By Guest contributor Judith Michales Safford

When I was a child, I often visited a neighborhood playground. There were swings, monkey bars, teeter-totters and a merry-go-round. Holidays and digestion remind me of the teeter-totter and the merry-go-round. Up, down, round and round go emotions and expectations.

Since my five grown children and I live in four different states, holidays consist of cards, phone calls and Skyping. This year my husband and I are flying to California for Thanksgiving to be with my second son and his wife. I will take my basic foods and complement the meals with their garden vegetables.  For Christmas, we will drive to Arizona and spend the holiday with my oldest daughter and her family.

My holiday stress comes from my ideas and opinions regarding the busyness of big cities, the gifts and witnessing the interactions between family. Christmas gifts, when I grew up, were usually needed clothing items. My children experienced much of the same, although we did our best to provide a toy from Santa. In today's world, where gifts are big, plentiful and expensive, joy and judgment rise and fall like a teeter-totter.

I have learned through my study of Ayurveda that eating is only part of the digestion process. I must also ask myself: Can I digest the noise, excitement and abundance of things? Can I let the breath and joy return each time judgment takes me away from myself? How do I keep digestion and indigestion from going round and round like the merry-go-round of my youth?

Kindness, gentleness and tenderness are the key words of my mantra this year.
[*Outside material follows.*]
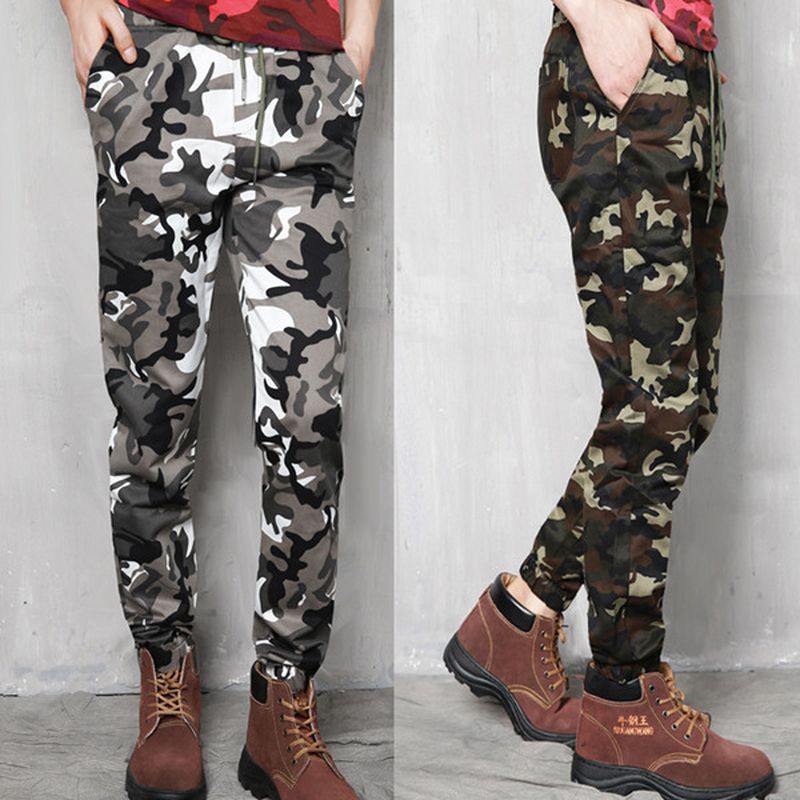 Plus Size Camouflage Outdoor Casual Broek Mode Haren Beam Voeten Broek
Although the teeter-totter and merry-go-round thoughts and feelings are not my favorite experience, I know they are parts of my life that provoke me to look for their gifts. And I have received numerous blessings from this mantra and have watched it extend to those around me. When my great-granddaughter whines, I do my part to relax. I have expectations that there will be time for my daughter and me, but I must surrender to what is.

When those unsettling emotions arise, I find that a guilt-producing voice leaves me rebellious, defensive and resentful. The self-talk that stops me is, It's okay, sweetheart. This brief and powerful meditation melts me into kindness, gentleness and tenderness. Gradually, I return to enjoying life, the holiday and my family.  

This holiday, I am willing to digest all of what presents itself because my heart knows the truth. It's okay, sweetheart invites me to breathe and receive.